There was an unusually empty chair at Tuesday’s C-Tran board meeting. Arriving after an hourlong executive session, I shuffled into the library’s meeting room and did not see David Madore’s smiling face.
Strange, I thought, considering Madore was the biggest proponent of the boundary expansion conference, and continuing those boundary talks was yet again on the agenda.
Then came the announcement: “Let the record show Mr. Madore left at 5:47 p.m.,” just a dozen minutes into C-Tran’s executive session. Then, as roll call was taken a bit after 6:30, no one offered to excuse Madore’s absence.
Whatever happened or was said in executive session will stay between the men and women in that room under state law. (Other than the fact it led to a $13,000 raise for C-Tran CEO Jeff Hamm.) For all we know the county councilor had to rush out after realizing that the East County Bridge is just three years and one month away, and he had some work to do on that.
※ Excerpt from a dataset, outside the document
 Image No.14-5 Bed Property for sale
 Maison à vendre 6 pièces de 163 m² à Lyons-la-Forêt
Madore, during Board Time on Wednesday, said he just had to be somewhere else.
“I had to actually step out of that meeting because I had commitments here at the county I needed to do instead,” he said. “There wasn’t enough hours in the day.”
He didn’t miss much, as the C-Tran board found ways to complicate a pretty straightforward process — boundary talks, including an elected official from each of the county’s cities, will be wrapped into long-term planning and all the tax and service issues that entails.
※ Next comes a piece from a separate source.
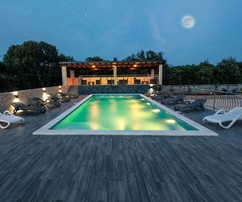 Vila se šesti byty na prodej v okolí Trogiru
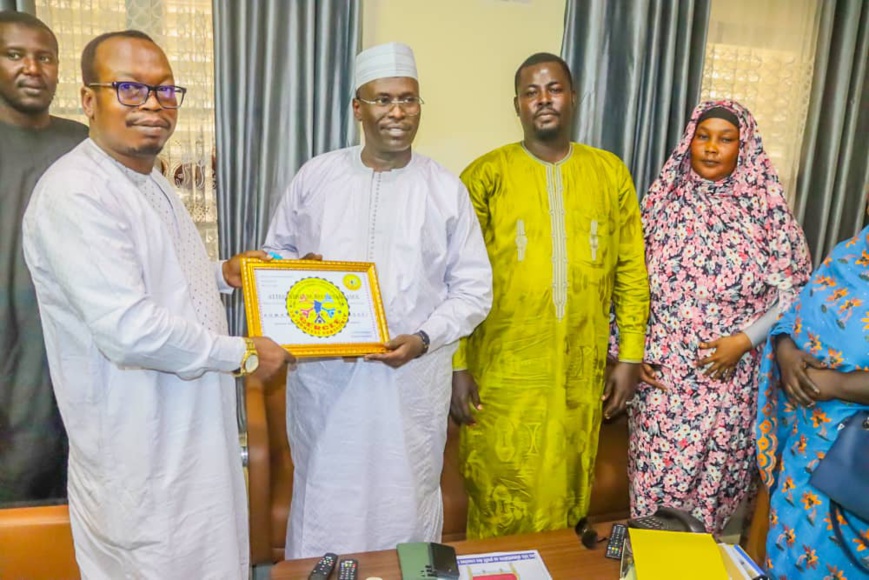 Tchad : le CJC distingue le directeur de l'ONASA pour son dévouement exceptionnel Tchad : le CJC distingue le directeur de l'ONASA pour son dévouement exceptionnel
Madore had only missed one other meeting this year, in March, and left early in August. But “early” in that case was 8 p.m., not a waste of a car drive. (It’s not a waste if it’s a Tesla, though, is it?)
Was he uninterested in what could be his final meeting with the C-Tran board? Speculate away, I’m not here to do it for you. The new faces of the C-Tran board will meet early in January, and it’s your guess as well as mine whose bodies those faces will belong to.